It's not clear how much a program like this might cost overall, or exactly why it might work, but the study lead author said costs could drop if the coaches are virtual, not live, and she emphasized the larger message -- that a couple of simple changes in behavior can spur lasting changes.

"People are able to make healthy lifestyle changes, and they're able to make them a lot faster, sooner and larger than most of us would have believed possible," said Bonnie Spring, a professor of preventive medicine, psychology, psychiatry and behavioral sciences at Northwestern University Feinberg School of Medicine. "And once they make them, 86 percent of people tried to keep it up."

The researchers launched the study to see what might inspire people to change bad habits that put them at risk of heart disease and cancer. "People usually have more than one unhealthy behavior," Spring said. "It's so hard to know where to begin, and folks tend to get overwhelmed because they don't know how to manage it."

The researchers recruited 204 people, with an average age of 33, who had four signs of poor health: high saturated-fat levels, low consumption of fruits and vegetables, high amounts of sedentary leisure time and low levels of exercise.
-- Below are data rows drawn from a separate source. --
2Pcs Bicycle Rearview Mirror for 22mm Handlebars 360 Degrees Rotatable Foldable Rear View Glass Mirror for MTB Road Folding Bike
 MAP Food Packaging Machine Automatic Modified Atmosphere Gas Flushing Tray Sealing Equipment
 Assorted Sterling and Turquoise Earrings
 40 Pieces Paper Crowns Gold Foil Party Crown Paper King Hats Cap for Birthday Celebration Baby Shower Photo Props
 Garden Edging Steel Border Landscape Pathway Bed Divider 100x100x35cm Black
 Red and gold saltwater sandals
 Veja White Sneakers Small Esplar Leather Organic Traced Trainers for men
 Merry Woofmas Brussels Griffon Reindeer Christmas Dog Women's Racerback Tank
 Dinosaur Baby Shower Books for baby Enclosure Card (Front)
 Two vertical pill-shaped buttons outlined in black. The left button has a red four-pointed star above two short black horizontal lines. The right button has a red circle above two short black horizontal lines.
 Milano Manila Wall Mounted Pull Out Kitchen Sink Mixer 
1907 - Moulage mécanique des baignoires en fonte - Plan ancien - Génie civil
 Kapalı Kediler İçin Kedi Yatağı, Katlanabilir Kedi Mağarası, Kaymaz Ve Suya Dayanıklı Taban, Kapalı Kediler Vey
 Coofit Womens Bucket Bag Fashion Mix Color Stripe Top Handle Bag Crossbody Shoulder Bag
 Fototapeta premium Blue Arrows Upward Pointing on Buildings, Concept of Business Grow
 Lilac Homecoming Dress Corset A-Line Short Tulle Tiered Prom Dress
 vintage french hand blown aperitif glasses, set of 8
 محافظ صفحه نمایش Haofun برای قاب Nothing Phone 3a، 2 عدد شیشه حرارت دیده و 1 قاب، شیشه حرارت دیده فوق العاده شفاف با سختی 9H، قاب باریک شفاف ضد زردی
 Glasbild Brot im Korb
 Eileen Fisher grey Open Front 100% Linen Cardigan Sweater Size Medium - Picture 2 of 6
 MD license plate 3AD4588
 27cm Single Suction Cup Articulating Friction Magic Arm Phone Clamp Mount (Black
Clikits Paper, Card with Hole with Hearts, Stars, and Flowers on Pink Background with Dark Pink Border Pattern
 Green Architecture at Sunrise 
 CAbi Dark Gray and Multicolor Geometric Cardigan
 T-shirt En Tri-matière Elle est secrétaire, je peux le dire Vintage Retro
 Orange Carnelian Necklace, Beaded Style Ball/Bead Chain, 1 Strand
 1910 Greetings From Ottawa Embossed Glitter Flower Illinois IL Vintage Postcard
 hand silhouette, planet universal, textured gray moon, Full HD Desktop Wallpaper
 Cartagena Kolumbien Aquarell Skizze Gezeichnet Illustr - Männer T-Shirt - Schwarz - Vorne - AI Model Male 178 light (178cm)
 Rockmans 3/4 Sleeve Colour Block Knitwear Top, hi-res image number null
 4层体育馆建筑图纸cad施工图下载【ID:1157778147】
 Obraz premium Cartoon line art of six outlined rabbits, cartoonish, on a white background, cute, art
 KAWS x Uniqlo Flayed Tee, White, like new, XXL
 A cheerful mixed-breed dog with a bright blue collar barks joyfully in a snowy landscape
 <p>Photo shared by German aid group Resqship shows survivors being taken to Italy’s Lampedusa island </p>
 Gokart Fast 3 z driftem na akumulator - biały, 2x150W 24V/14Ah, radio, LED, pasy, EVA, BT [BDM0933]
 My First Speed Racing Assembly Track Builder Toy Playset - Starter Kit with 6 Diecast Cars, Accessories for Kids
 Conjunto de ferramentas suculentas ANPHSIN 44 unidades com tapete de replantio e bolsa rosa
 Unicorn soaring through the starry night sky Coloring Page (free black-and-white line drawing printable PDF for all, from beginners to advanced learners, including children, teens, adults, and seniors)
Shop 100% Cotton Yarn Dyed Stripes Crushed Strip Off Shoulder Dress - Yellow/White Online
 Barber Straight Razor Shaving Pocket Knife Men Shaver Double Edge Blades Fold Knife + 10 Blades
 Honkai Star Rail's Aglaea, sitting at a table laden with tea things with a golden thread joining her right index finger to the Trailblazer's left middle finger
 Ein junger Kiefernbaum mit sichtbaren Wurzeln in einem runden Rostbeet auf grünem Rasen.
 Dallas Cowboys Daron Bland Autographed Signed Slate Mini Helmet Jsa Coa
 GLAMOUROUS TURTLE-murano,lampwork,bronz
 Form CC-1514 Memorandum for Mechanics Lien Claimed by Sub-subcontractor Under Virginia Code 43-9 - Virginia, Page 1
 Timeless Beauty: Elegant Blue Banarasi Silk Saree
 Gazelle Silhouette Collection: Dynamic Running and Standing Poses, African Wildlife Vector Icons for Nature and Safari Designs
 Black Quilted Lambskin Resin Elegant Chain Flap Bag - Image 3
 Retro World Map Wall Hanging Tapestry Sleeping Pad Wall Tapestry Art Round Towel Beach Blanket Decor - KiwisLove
"We made the assumption that we couldn't get people to change all four at once," Spring said. "We wanted to see that if we could get them to change two, would we get freebies -- some others that would come along for the ride and improve?"

The study authors randomly assigned the subjects to treatments targeting two of the four problem areas. The target goals were eating five fruits and vegetables a day and limiting sedentary time to 90 minutes daily, or exercising for 60 minutes a day and keeping saturated fats to less than 8 percent of daily diet.

All had to use personal digital assistants to track their progress and communicate via email or phone with coaches. The participants could earn $175 for meeting goals.

The researchers found that average daily fruit and vegetable intake grew from 1.2 to 5.5 servings over three weeks, while sedentary leisure -- typically TV time -- fell from 219 to 89 minutes. Saturated fat, as a percentage of overall calories, fell from 12 percent to 9.4 percent.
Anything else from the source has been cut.